[Entries provided — start]

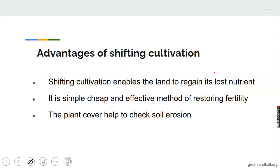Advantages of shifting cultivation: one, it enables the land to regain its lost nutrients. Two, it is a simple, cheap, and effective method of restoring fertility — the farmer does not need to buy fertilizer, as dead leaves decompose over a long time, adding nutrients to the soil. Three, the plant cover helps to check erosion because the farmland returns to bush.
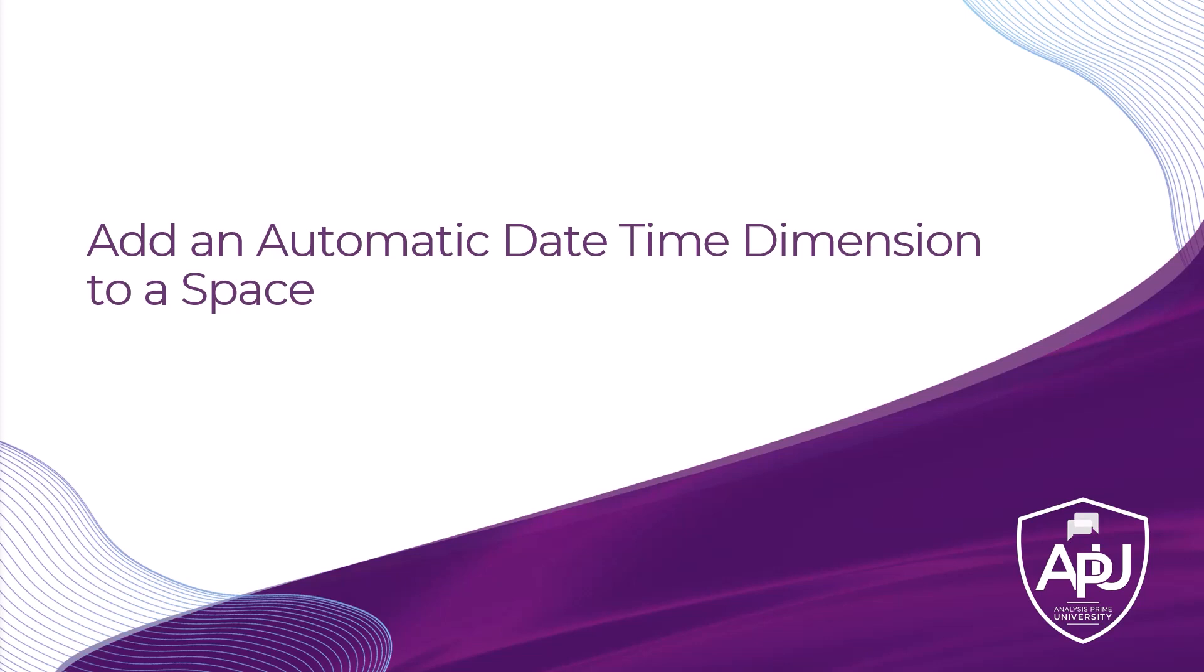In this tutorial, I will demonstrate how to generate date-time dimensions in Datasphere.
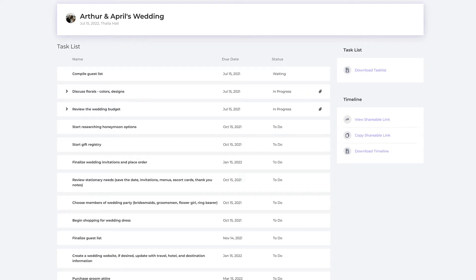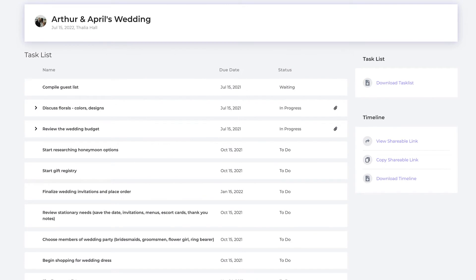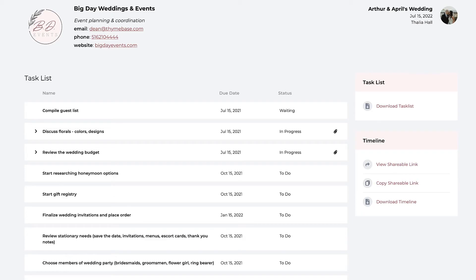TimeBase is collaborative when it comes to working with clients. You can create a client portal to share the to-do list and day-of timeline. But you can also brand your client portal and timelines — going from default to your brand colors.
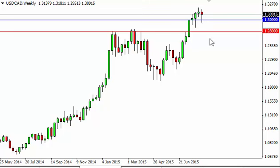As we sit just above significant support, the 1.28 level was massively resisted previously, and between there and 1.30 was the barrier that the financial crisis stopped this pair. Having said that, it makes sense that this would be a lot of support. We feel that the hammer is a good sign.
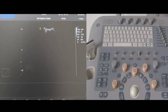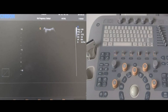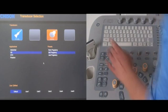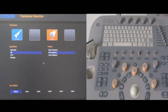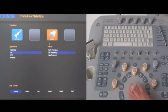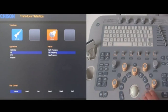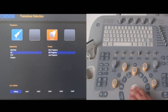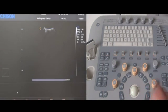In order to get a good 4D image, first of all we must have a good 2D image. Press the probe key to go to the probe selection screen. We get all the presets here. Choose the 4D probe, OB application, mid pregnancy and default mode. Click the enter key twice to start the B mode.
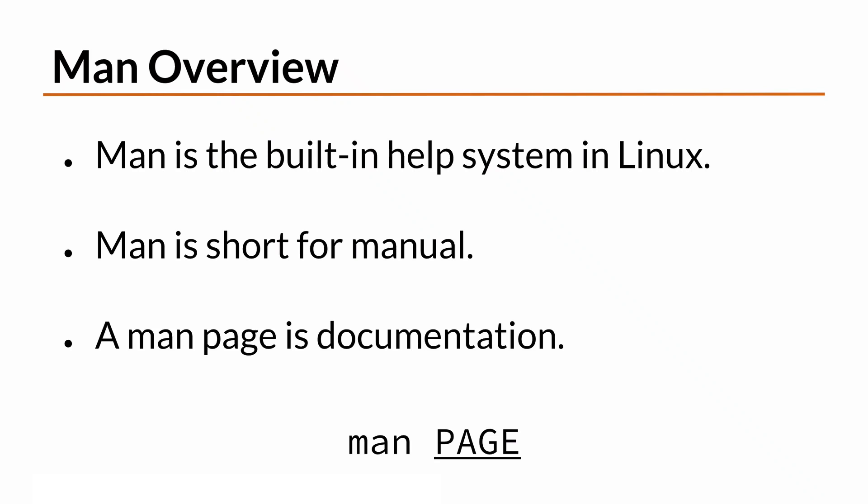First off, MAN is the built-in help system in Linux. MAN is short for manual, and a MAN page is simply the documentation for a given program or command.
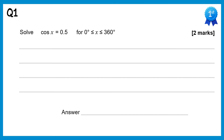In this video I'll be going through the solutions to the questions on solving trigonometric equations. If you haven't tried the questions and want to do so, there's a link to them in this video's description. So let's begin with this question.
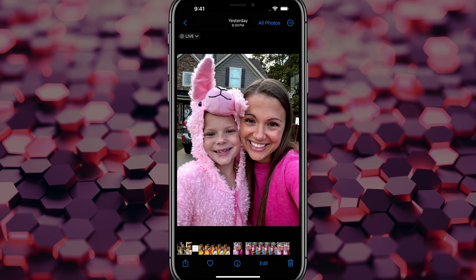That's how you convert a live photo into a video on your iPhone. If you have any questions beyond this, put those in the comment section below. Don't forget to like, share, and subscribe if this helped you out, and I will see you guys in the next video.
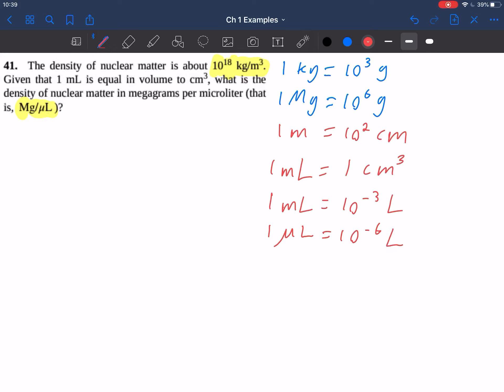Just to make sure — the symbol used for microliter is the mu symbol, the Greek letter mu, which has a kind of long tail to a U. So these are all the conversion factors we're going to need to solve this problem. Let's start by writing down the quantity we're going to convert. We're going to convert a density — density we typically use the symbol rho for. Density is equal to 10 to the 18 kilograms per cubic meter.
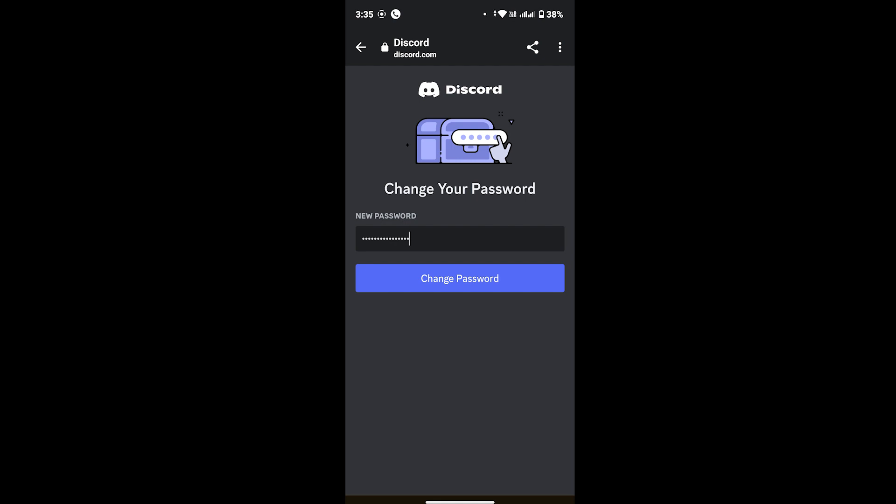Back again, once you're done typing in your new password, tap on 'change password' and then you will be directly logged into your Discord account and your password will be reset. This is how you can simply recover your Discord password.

[Entries provided — finish]

Problem statement:
Each line from the first line of the data above through the one containing "In this tutorial, I" must be set down exactly; the pictures must not be.

Response:
Advantages of shifting cultivation: one, it enables the land to regain its lost nutrients. Two, it is a simple, cheap, and effective method of restoring fertility — the farmer does not need to buy fertilizer, as dead leaves decompose over a long time, adding nutrients to the soil. Three, the plant cover helps to check erosion because the farmland returns to bush.
In this tutorial, I will demonstrate how to generate date-time dimensions in Datasphere.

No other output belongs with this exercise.